Llopis wants to stir Hispanics to rally for themselves. His background: He’s the son of a Cuban immigrant, an author, and a management consultant who specializes in leadership and branding for the Hispanic marketplace.
These days, Llopis is setting up town hall meetings across the country to help Hispanics take stock of who they are, what challenges they face, what they want to achieve and how to pull it off.
He hopes the brainstorming that will occur during these gatherings will contribute to an action plan for Hispanics nationally, even if its focus is not yet clear. It may play out in the consumer marketplace, leadership training, academics, public policy decisions, philanthropy and who-knows-what.
He said he’s not sure what that final agenda will be; he just wants to start the conversation.
To that end, Llopis held his first gathering in January in Santa Ana, Calif. It drew more than 100 people, including Hispanic students who complained that Orange County’s established Hispanic leadership seemed to have lost its vigor and it was time for younger people to step up. A graduate student said she and others would benefit by mentors from the community, but none could be found. When Llopis asked the group whether any business leaders had offered scholarships to Hispanic students, there was silence.
The next town hall meeting will be held at UNLV Friday, March 2. The event, free and open to the public, begins with check-in at 6 p.m. in room A-106 of the Carol C. Harter classroom building complex, situated between the student services complex and Lied Library near the center of campus. The program will run from 6:30 to 8:30 p.m. Along with Llopis’ organization, 2012 Hispanic Voice, the evening is co-sponsored by UNLV, the Las Vegas Sun and the weekly Spanish language newspaper El Mundo.
From here, Llopis takes his road show to the University of Colorado on March 27.
He says his motive is to help elevate a people who have been unfairly homogenized but who have aspirations to achieve more and contribute more to the larger community. By identifying their goals and tapping their talent and vision, one community at a time, he said he hopes Hispanics across the country will adopt a new, proud swagger.
“We know that Hispanics are valuable to this country, but we’re not responsible,” Llopis said. “We need to shift our conversation from knowing we are valuable to saying we need to step up our game and contribute in better and different ways to make America better.”
Jose Melendrez, assistant vice president of UNLV’s office of diversity initiatives, said the university was proud to participate “in conversations that will empower our community. This group is traveling around the country to create a national agenda, and we want to partner with them to make sure Nevadans are at the table and our voices are being heard.”
Among the Las Vegans helping to organize the event is Leo Murrieta, statewide coordinator for Mi Familia Vota, a nonprofit, nonpartisan organization intent on increasing political activism in the Hispanic community through voter registration campaigns and other efforts.

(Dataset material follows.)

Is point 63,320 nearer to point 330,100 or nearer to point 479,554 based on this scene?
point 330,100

“It’s important that the Latino community come together and express issues that really matter,” he said. “For us to gather in a forum like this, and hold an open and honest discussion without a preset agenda — and without having a political party or a candidate present — is a rare opportunity. We can talk among ourselves about the issues that we need to address and about how we can move forward by becoming civic-minded and engaged.”

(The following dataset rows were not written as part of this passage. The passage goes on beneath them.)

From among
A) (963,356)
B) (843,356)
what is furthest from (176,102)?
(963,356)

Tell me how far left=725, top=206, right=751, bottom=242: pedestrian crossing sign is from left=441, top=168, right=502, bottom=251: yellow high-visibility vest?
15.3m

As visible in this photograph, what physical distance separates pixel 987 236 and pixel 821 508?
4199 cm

Why does it take someone from outside the Las Vegas community to stir local Hispanics?
“We’ve done it in the past, but sometimes it takes someone from outside to be a catalyst in driving the conversation in a direction that hasn’t been taken before,” Murrieta said. “It helps for someone with no local ties to come in and say, ‘Let’s talk.’ He can help us get on the same page, which is the first step — to find out what issues facing Hispanic families and individuals need to be addressed.
“And then we can work together to deal with the issues — whether it is to help the business community, or better communicate among ourselves, or to provide education or immigration assistance. This can be the start of that process.”

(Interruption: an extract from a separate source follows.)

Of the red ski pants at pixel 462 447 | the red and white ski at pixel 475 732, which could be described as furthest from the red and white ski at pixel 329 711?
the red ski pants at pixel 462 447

Llopis is confident there will be a good turnout next Friday.
“Every Hispanic knows the time has come to enable ourselves in ways that give us greater influence with government and business,” he said. “The town hall will get us all thinking about the value of our cultural roots to influence policymaking during a time when America is reinventing itself and requires our ‘immigrant perspective’ more than ever before.”
What will come of the evening? Bottom line, Llopis said: “We must begin to lift and support one another, to promote greater trust and support both within and outside of our Hispanic communities.”